→ **TASK GOAL**
Whatever the records below hold, copy it all out exactly.

EXCERPTED RECORDS START

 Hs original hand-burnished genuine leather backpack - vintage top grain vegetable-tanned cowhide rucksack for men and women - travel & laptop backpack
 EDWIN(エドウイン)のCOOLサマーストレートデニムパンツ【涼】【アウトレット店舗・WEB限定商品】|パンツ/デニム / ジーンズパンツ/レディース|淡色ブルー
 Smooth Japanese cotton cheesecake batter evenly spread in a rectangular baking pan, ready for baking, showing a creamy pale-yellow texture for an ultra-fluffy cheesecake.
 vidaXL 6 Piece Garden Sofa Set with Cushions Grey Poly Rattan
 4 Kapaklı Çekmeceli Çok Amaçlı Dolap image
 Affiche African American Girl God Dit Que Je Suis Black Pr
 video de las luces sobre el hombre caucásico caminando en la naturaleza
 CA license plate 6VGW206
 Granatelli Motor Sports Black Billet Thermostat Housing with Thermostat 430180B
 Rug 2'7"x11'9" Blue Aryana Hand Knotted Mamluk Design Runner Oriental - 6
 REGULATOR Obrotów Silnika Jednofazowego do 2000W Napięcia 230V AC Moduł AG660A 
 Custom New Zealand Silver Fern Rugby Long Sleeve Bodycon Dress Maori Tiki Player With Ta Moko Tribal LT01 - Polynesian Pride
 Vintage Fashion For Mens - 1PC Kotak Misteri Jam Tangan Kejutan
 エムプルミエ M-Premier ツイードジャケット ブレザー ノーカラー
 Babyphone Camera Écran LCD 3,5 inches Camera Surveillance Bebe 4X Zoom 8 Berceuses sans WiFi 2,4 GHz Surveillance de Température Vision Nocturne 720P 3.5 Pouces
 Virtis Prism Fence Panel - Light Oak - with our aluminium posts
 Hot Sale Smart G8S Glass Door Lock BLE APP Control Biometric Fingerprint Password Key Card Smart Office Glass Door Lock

EXCERPTED RECORDS END

→ **EXERCISE OUTPUT**
 Hs original hand-burnished genuine leather backpack - vintage top grain vegetable-tanned cowhide rucksack for men and women - travel & laptop backpack
 EDWIN(エドウイン)のCOOLサマーストレートデニムパンツ【涼】【アウトレット店舗・WEB限定商品】|パンツ/デニム / ジーンズパンツ/レディース|淡色ブルー
 Smooth Japanese cotton cheesecake batter evenly spread in a rectangular baking pan, ready for baking, showing a creamy pale-yellow texture for an ultra-fluffy cheesecake.
 vidaXL 6 Piece Garden Sofa Set with Cushions Grey Poly Rattan
 4 Kapaklı Çekmeceli Çok Amaçlı Dolap image
 Affiche African American Girl God Dit Que Je Suis Black Pr
 video de las luces sobre el hombre caucásico caminando en la naturaleza
 CA license plate 6VGW206
 Granatelli Motor Sports Black Billet Thermostat Housing with Thermostat 430180B
 Rug 2'7"x11'9" Blue Aryana Hand Knotted Mamluk Design Runner Oriental - 6
 REGULATOR Obrotów Silnika Jednofazowego do 2000W Napięcia 230V AC Moduł AG660A 
 Custom New Zealand Silver Fern Rugby Long Sleeve Bodycon Dress Maori Tiki Player With Ta Moko Tribal LT01 - Polynesian Pride
 Vintage Fashion For Mens - 1PC Kotak Misteri Jam Tangan Kejutan
 エムプルミエ M-Premier ツイードジャケット ブレザー ノーカラー
 Babyphone Camera Écran LCD 3,5 inches Camera Surveillance Bebe 4X Zoom 8 Berceuses sans WiFi 2,4 GHz Surveillance de Température Vision Nocturne 720P 3.5 Pouces
 Virtis Prism Fence Panel - Light Oak - with our aluminium posts
 Hot Sale Smart G8S Glass Door Lock BLE APP Control Biometric Fingerprint Password Key Card Smart Office Glass Door Lock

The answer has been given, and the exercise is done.